Business users, however, held back from XP for quite some time because of considerable application incompatibility issues and the lack of any functionality improvements that they cared about. Many of the differences between Win2K and WinXP had to do with sorting out problems with VxDs and other issues related to upgrading from legacy 9x systems to a system based on an NT kernel, and business users couldn't care less about any of that. Win2K was stable, solid, fast, and ran their applications nicely. They had no need of XP.
So again, home users who had been stuck with the obsolete and increasingly unstable Win9x (or the bastardized WinMe) flocked in droves to XP because it represented a vast improvement in stability, with little or no functionality loss, and a consistent interface that was only slightly different from what they were used to.
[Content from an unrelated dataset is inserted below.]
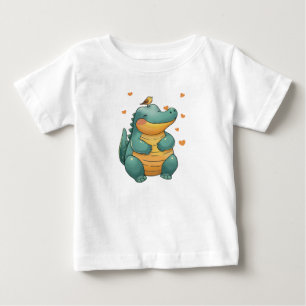 Dino and Little Bird Friends Baby T-Shirt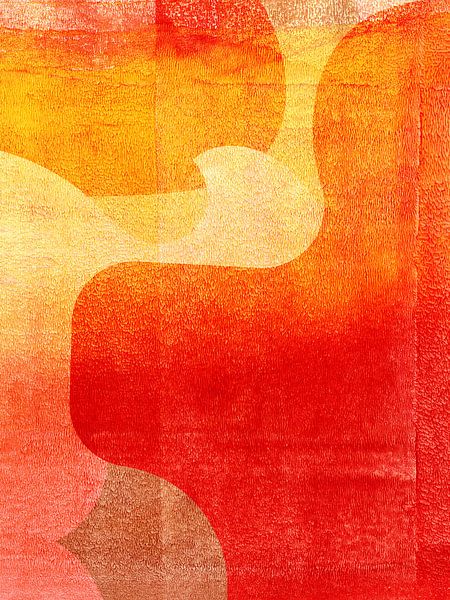 Abstracte vormen in rood, oranje, geel en roest van Dina Dankers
But business users, for whom there was little improvement and some headaches, held off upgrading.
And then there was Vista, which in its original release combined some stability issues and application compatibility problems (many related to UAC) with little in the way of improvements that users actually cared about. It also sported more changes to the interface than users felt like accepting, and therefore it rapidly faded away into history, with users actively avoiding it, and in fact paying extra for downgrades.
And then came Win7, which implemented what was very good about Vista -- but perfected -- and also had many under-the-hood improvements that users could feel more than understand. It was very well-accepted by home users (many of whom had tried Vista and paid to get it gone from their machines), and reasonably well-accepted by most business users (except those who were using ancient applications) because they did understand the improvements; and barring any hardware or application compatibility problems, the upgrade and learning curves were shallow.
And now there's Win8 -- an outstanding OS under the hood, but whose improvements, quite frankly, are not as apparent to users as they are to geeks who study such things. Furthermore, it comes with an interface that many people hate, and which will result in some re-learning and temporary productivity loss on the corporate side (which businesses hate). Its most noticeable improvements are that it makes your computer look like a phone -- not something that the corporate world has been loudly clamoring for -- and that it's optimized for touch screens, which people either like or don't, depending mainly upon how they use their computers. It also follows Win7, which is an excellent OS; so there's no rush to be rid of it.
So viewed in the historical context, it's not at all surprising that Win8 sales have been lackluster. It offers few improvements that most people care about (much less understand), and comes at the cost of re-learning and productivity loss for many users. And really, that's a shame, because under the hood, it's probably the best OS Microsoft has ever released. It deserves more respect.